Twitter is full of people talking about a huge uptick in youth turnout in Tuesday's midterm election. This is typical:

This would be wonderful if it were true, but unfortunately it ain't true. Read all the way to the bottom for more, but here's the basic data we have so far:

The share of young voters is lower than it was in 2018 while the share of old voters is up. For those of you who scoff at simple-minded analysis like this, here is David Shor with something so sophisticated it's almost impenetrable:

Shor's scatterplots show that as the ratio of 2022 voters to 2018 voters gets larger, the percentage of young voters gets smaller while the percentage of older voters gets larger. In other words, more old voters and fewer young voters.

Even CIRCLE, which never misses a chance to hype the youth vote, admits it's way down from 2018. I have helpfully added the 2018 number to their chart:

It's true that 2018 was a huge year for liberals, but that's still a pretty big decline.
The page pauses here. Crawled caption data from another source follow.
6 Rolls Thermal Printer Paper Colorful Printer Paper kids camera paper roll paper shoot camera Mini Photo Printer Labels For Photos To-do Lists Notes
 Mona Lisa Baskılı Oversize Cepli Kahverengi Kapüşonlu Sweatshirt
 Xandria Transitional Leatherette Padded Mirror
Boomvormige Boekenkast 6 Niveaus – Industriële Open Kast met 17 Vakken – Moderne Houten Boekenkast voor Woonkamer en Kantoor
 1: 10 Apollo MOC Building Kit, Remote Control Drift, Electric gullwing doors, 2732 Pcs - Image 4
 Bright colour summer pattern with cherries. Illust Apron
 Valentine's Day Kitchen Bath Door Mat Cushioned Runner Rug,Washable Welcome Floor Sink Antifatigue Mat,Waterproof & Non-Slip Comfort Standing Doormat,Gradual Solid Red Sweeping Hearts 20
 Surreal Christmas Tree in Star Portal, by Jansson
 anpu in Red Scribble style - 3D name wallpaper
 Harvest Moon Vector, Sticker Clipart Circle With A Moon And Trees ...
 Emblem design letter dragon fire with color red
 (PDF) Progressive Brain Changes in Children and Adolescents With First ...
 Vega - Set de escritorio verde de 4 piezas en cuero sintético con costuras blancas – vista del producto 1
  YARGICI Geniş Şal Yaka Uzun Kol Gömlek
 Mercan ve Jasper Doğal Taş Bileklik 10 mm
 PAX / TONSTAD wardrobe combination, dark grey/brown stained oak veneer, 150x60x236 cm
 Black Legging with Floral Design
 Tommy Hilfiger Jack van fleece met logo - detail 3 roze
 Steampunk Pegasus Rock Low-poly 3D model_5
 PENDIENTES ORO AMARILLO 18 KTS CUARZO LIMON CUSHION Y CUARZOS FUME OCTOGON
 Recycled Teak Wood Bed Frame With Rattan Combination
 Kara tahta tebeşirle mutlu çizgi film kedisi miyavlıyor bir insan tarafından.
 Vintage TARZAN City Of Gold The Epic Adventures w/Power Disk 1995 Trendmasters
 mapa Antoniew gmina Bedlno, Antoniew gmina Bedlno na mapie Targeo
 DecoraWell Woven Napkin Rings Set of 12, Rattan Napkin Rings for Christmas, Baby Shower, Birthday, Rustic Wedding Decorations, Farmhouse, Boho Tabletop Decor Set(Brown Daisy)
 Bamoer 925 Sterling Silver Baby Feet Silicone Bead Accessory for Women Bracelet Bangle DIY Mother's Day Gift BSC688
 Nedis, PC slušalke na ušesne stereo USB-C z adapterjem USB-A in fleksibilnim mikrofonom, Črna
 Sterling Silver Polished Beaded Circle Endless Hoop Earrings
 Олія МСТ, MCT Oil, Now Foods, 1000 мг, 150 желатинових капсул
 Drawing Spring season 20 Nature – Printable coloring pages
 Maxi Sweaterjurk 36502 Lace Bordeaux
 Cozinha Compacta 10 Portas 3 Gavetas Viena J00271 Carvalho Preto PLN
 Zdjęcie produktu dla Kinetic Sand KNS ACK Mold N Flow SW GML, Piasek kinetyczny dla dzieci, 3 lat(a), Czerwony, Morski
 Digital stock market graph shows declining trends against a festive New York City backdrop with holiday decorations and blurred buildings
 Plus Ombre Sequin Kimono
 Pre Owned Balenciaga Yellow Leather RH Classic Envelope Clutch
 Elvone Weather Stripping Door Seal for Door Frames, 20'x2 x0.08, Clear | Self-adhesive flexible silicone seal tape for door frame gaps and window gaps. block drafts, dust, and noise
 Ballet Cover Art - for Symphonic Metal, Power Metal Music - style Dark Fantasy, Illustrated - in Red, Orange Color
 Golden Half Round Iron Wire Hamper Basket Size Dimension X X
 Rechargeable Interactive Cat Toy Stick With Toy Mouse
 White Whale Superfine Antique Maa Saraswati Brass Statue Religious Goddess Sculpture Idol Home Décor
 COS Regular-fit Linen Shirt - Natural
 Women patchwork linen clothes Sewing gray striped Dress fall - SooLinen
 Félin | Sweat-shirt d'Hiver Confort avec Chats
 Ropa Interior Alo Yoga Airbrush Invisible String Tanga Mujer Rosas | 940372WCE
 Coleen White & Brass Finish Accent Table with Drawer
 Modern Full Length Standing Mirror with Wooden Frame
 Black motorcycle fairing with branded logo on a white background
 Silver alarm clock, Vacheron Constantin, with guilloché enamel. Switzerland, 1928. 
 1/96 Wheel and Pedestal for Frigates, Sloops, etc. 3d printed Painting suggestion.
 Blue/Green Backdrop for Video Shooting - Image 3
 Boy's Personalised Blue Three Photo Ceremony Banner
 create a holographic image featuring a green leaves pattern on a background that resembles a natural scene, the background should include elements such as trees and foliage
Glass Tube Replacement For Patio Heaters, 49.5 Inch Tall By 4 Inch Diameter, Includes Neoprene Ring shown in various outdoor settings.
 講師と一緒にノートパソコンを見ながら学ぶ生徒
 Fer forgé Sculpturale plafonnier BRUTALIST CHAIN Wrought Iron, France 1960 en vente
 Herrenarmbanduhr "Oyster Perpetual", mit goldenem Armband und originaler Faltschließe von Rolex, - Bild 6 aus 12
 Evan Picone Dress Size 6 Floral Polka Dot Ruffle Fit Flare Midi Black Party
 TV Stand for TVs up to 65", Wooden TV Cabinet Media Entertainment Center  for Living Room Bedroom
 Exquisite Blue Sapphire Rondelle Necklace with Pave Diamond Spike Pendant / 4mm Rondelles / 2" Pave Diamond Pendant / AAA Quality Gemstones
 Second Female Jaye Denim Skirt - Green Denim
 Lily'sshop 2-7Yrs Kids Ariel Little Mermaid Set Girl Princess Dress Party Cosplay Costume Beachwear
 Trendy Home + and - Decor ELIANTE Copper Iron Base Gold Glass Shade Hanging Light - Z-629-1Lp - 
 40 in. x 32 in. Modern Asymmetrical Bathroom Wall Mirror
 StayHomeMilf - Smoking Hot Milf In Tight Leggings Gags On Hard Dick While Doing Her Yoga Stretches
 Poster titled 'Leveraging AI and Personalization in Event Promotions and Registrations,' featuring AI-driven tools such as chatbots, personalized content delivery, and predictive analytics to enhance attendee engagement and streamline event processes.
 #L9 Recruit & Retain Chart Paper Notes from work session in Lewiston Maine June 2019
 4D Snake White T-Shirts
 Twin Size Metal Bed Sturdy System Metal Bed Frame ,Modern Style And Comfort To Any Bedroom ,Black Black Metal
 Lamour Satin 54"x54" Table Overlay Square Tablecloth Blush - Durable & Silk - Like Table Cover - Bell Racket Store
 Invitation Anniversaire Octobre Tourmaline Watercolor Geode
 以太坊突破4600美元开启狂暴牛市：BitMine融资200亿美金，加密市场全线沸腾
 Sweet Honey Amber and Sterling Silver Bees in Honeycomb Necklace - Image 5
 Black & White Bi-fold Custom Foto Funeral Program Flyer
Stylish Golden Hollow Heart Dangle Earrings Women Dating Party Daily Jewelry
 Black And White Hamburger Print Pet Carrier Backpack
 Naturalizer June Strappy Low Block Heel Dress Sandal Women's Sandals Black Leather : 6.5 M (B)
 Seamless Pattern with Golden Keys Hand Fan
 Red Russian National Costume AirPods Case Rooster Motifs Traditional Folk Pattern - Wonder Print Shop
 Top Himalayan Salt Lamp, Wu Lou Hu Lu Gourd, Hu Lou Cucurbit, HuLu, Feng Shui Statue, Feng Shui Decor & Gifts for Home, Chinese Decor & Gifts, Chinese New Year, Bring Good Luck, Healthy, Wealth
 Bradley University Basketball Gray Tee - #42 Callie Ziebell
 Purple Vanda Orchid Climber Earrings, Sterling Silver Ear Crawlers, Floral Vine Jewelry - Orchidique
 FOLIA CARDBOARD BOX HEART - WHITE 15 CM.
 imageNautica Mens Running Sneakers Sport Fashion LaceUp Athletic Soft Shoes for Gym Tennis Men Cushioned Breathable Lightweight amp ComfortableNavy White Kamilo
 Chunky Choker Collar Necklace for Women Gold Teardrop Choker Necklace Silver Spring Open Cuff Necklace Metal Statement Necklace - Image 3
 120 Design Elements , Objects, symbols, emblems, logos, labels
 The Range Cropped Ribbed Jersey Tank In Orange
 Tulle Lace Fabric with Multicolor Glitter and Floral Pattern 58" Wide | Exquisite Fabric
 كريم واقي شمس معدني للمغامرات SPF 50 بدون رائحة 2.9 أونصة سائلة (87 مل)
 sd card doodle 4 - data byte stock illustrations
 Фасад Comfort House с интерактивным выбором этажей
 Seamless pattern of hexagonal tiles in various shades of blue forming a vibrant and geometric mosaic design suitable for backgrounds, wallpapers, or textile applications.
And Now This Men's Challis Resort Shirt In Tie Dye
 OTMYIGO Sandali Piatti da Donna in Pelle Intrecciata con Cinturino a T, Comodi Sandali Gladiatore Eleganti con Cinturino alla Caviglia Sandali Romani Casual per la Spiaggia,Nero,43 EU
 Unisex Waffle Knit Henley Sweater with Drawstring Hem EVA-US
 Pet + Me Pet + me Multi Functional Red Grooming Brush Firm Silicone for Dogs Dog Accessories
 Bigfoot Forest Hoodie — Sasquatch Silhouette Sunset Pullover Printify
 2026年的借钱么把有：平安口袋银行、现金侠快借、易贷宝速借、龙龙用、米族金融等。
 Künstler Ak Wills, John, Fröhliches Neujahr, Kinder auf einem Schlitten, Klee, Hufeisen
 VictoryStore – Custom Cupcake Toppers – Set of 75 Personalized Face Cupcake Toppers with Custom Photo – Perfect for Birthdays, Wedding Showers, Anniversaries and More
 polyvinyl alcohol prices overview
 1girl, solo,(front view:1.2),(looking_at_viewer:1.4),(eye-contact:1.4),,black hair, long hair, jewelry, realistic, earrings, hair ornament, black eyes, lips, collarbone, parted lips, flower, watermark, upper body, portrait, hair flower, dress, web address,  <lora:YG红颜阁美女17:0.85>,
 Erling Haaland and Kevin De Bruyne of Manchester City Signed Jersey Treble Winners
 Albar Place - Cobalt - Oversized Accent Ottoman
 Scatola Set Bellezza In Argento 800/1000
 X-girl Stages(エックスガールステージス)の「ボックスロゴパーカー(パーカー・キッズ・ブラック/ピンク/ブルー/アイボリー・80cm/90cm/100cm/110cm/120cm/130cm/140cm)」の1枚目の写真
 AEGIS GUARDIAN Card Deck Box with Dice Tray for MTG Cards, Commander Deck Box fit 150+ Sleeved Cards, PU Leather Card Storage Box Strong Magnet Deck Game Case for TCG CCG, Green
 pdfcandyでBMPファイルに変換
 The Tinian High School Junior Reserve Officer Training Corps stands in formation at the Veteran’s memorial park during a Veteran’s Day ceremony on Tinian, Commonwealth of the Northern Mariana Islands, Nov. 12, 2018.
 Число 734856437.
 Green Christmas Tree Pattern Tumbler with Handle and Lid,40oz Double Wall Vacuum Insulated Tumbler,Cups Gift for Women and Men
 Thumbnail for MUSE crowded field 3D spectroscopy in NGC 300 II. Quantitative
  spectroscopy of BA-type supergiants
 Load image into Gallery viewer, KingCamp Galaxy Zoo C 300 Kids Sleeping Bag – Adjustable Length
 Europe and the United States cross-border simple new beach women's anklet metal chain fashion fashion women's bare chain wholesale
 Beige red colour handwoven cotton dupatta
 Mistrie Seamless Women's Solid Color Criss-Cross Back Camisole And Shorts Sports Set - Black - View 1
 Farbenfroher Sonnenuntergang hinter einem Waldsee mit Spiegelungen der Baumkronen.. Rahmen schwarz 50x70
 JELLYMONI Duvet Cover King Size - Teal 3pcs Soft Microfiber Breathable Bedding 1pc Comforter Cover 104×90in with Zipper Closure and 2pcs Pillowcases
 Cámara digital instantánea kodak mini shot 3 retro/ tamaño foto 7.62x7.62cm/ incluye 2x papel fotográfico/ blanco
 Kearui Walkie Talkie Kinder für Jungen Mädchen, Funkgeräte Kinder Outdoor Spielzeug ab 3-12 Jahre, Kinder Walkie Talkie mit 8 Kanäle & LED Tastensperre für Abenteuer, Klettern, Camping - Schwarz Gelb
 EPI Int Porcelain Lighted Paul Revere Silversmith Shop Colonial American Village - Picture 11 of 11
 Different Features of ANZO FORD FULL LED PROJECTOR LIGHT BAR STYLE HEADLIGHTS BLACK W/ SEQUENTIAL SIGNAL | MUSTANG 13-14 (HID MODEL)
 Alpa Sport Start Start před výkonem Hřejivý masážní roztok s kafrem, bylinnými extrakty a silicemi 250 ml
One other thing to note is that news reports say that Republican turnout increased more than Democratic turnout. The big difference, apparently, was in middle-aged independents, who are associated with neither youth nor progressives.

Now for the big caveat: I don't know what the source is for all these charts, but it's probably exit polls, which is just about all we have right now. Unfortunately, exit polls are notoriously unreliable, especially the initial releases. What's more, I imagine that exit polls are getting worse over time as in-person voting declines.

What I'm saying is this: the evidence suggests that the youth vote was down, and that's all we have right now. Nobody should be claiming otherwise unless they have some solid data to back themselves up.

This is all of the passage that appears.